An R package for fitting Quinlan's C5.0 classification model
Memory Leak? #19

Closed infus0815 closed 3 years ago

infus0815 commented 5 years ago

I've been using c50 trees to solve a pairwise ranking problem.

That leads to the need of having to create several c50 models for each problem. The issue is that the memory allocated during a C5.0 call never gets released to the system. That means if im doing 100 or more C5.0 calls, eventually the rsession uses all available memory. Even after finishing the script the memory is still not released, forcing a session restart.

Tested both on windows and linux with the same results.

I wonder if there's a quick fix as c50 trees is what giving me the best prediction results.

SamGG commented 5 years ago

Hi, Dummy question: did you do a garbage collectorgc() after having rm(mytree)? Best.

infus0815 commented 5 years ago

Yep gc() doesn't free it either. Tested every possible thing. Clearing environment and hidden vars included.

Only restarting rsession frees the allocated memory.

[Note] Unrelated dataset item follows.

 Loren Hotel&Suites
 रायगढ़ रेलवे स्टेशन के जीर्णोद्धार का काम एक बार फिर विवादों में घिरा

SamGG commented 5 years ago

Thanks for clarifying this. Let's wait for the developer feedback.

topepo commented 5 years ago

Can you give some code to test with and the results of sessionInfo()?

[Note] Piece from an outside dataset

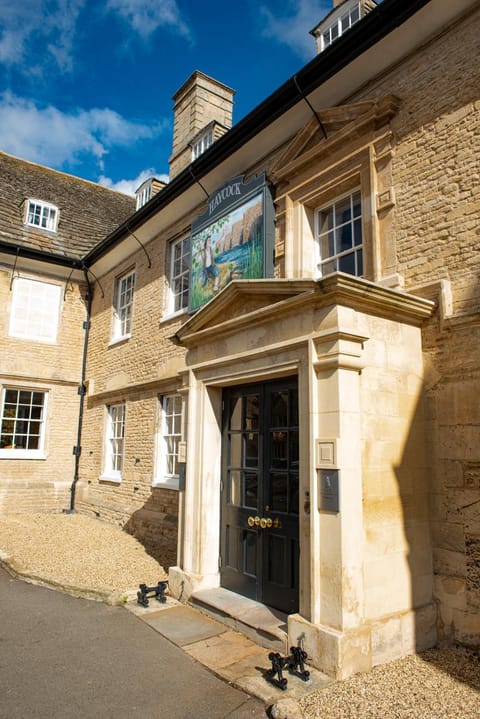 The Haycock Manor Hotel Gasthof in Huntingdonshire District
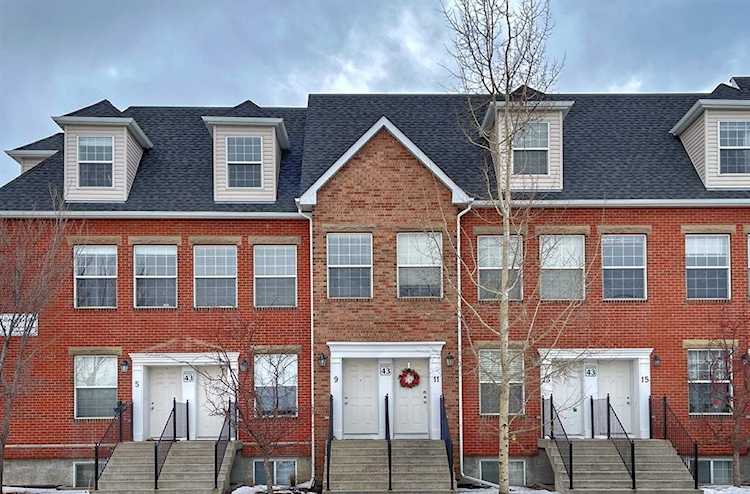 43 Springborough Blvd SW #9 Calgary, AB T3H 5V8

infus0815 commented 5 years ago

While making a script from my own code to show you i noticed that what probably causes it is, for example, a column with a high amount of factors.. Managed to replicate the memory problem in this simple script using churn dataset



churnTrain[, 2] <- factor(churnTrain[, 2])

lapply(1:300, function(x) {
  treeModel <- C5.0(x = churnTrain[, 1:3], y = churnTrain$churn)

# OR
# for(i in 1:300) {
#   treeModel <- C5.0(x = churnTrain[, 1:3], y = churnTrain$churn)
#   remove(treeModel)
#   gc()
# }

I know it doesn't make sense to factor the column i did there but its only to replicate the problem.

If you run that script more than one time you can also see that the memory allocated in the first run is not used anymore. In my problem i have datasets with columns with even more factors leading to the ram usage skyrocketing to almost full usage(8gb) in a couple of seconds.

Session Info:

R version 3.5.1 (2018-07-02) Platform: x86_64-pc-linux-gnu (64-bit) Running under: Ubuntu 16.04.5 LTS

Matrix products: default BLAS: /usr/lib/libblas/ LAPACK: /usr/lib/lapack/


attached base packages: [1] stats graphics grDevices utils datasets methods base

other attached packages: [1] C50_0.1.2

loaded via a namespace (and not attached): [1] Rcpp_1.0.0 lattice_0.20-38 mvtnorm_1.0-8 grid_3.5.1 plyr_1.8.4
[6] magrittr_1.5 stringi_1.2.4 reshape2_1.4.3 rpart_4.1-13 Matrix_1.2-15
[11] partykit_1.2-2 splines_3.5.1 Formula_1.2-3 tools_3.5.1 stringr_1.3.1
[16] Cubist_0.2.2 survival_2.43-1 compiler_3.5.1 libcoin_1.0-1 inum_1.0-0

SamGG commented 5 years ago

I used Hadley's chapter about memory at I think it's worth reading to understand the current case. Interestingly the first call takes memory that is not released with the remove call. Next calls require a small amount of memory and the leak is very small but real. Hope this help also.


topepo commented 3 years ago

I have not been able to track this down. Please add a PR if you can find the issue.